A practical publication for healthcare workers that helps them better understand the needs of people of faith who are receiving palliative care is to be produced by the World Innovation Summit for Health.

At the closing of a two-day inter-faith symposium in Vatican City, titled Religion and Medical Ethics: Palliative Care and the Mental Health of the Elderly, Sultana Afdhal, CEO of the World Innovation Summit for Health (WISH), said the conference has led the Qatar Foundation initiative to make three commitments to improve the implementation of palliative care in Qatar.

"We will develop religion and medical ethics training sessions for healthcare workers that emphasize how spirituality needs to be considered as integral to holistic care,” she said.

"We will look at the individual sessions over the last two days and develop targeted workshops, including a workshop specifically on the topic of pediatric palliative care.

“Lastly, we will work together with the Pontifical Academy for Life to use our joint declaration from January, and the resulting positioning paper delivered to His Holiness Pope Francis in October 2019, to produce a practical publication for healthcare workers that helps them better understand the needs of people of faith receiving palliative care.”

Addressing the symposium, Afdhal said it was crucial that conversations initiated during the two-day gathering now continue and are “stepped up”.

“It is vital that our talks lead to positive action that is patient-focused, that promotes the need to consider the faith of patients, and that helps healthcare workers to better deliver compassionate care,” she said.

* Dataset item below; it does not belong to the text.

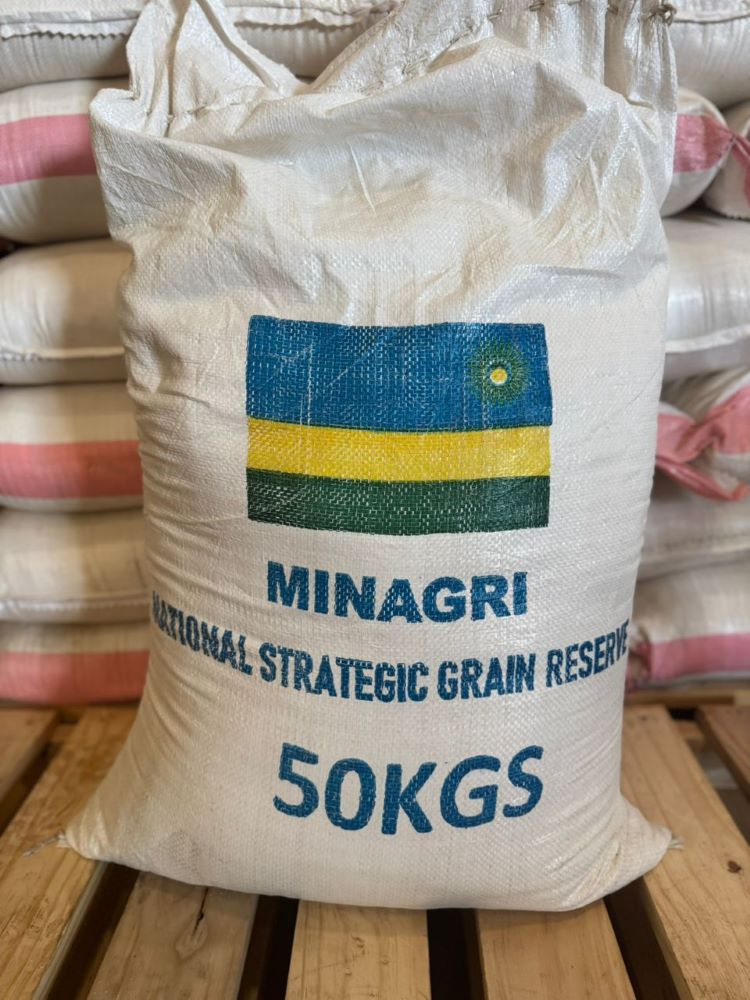 The food relief given to Zimbabwe is prepared and packaged in Rwanda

In his closing address, Archbishop Vincenzo Paglia, President of the Vatican’s Pontifical Academy for Life – with whom WISH co-organized the symposium – said palliative care needs to be a mandatory part of medical training for all healthcare professionals, to ensure the continuation of care for the elderly.

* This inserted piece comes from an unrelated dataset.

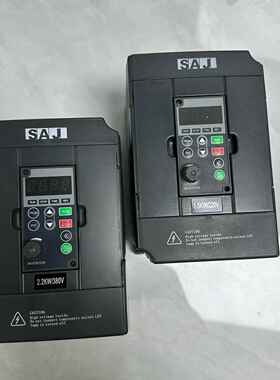 三晶变频器 2.2kw/380v 8000B-4T2R2GB，可提供技术支持。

“Palliative care was introduced relatively recently - a few decades ago - so few states have passed laws, and where laws have been passed, as in the case of Italy, they are not applied,” he said. “People ignore them.

"There is a problem in terms of communicating this approach of accompanying people towards the end of their lives. Palliative care is only administered in the field of oncology today, and during this conference, we realized it’s open to the whole clinical spectrum.

"We need to consider it and try to understand how our movement can be effective in this sector. We have to promote the growth of a culture of palliative care in universities, and I would like this to be a mandatory subject in medical schools.”